* [ASSIGNED TASK]
Nothing is needed except the lines below that run from the one with "moeder dag typografie" through the one with "Polaris 2021 RANGER", repeated exactly.

==== SOURCE MATERIAL

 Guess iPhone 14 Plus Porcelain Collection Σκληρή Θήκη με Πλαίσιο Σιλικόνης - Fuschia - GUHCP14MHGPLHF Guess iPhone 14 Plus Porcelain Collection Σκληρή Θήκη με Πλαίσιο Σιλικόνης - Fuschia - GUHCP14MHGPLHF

========
==== SOURCE MATERIAL

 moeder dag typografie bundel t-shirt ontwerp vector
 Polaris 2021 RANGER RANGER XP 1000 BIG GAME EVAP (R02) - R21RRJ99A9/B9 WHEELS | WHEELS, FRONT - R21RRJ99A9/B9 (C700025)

========
==== SOURCE MATERIAL

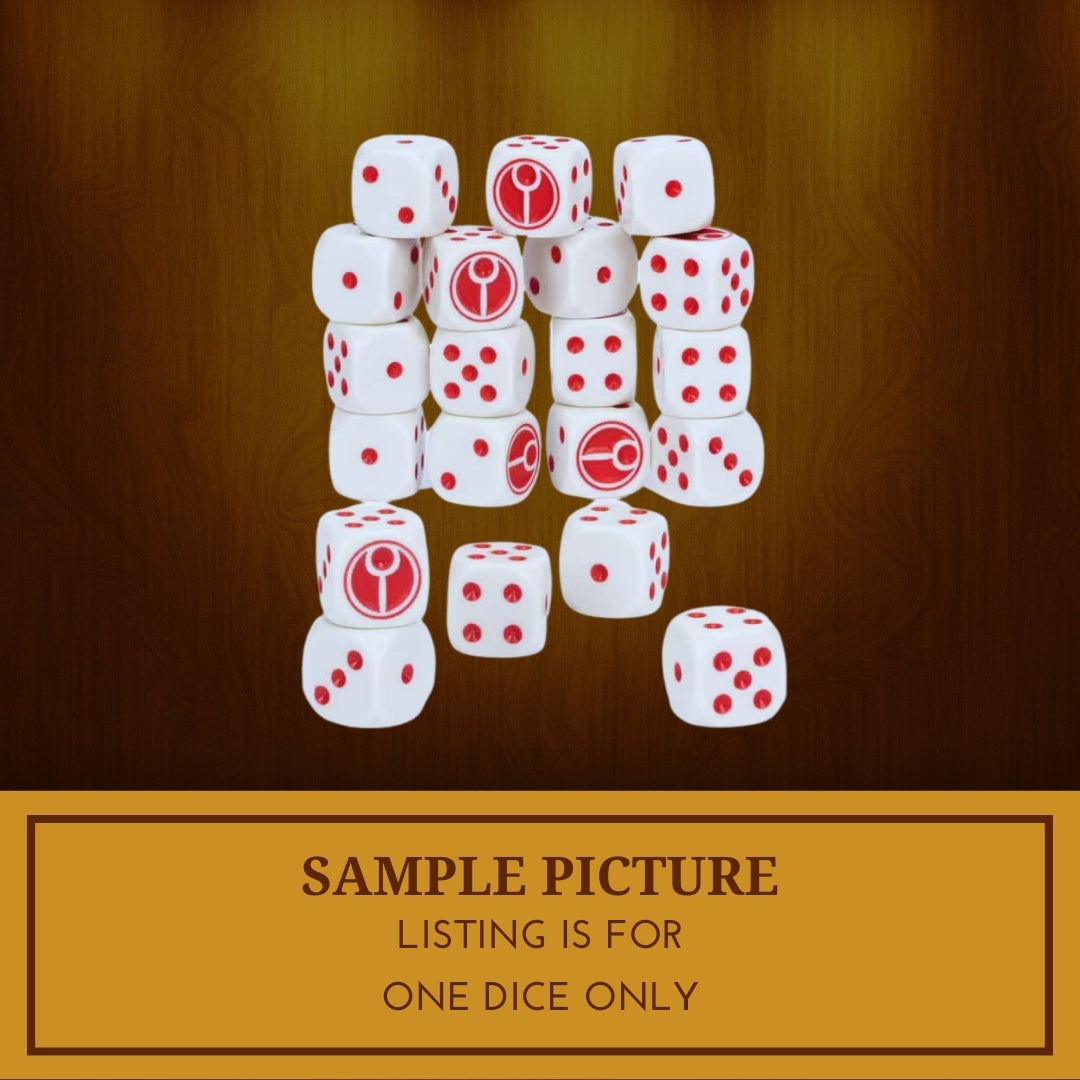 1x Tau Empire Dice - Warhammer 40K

========

* [ANSWER TO THE PROBLEM]
 moeder dag typografie bundel t-shirt ontwerp vector
 Polaris 2021 RANGER RANGER XP 1000 BIG GAME EVAP (R02) - R21RRJ99A9/B9 WHEELS | WHEELS, FRONT - R21RRJ99A9/B9 (C700025)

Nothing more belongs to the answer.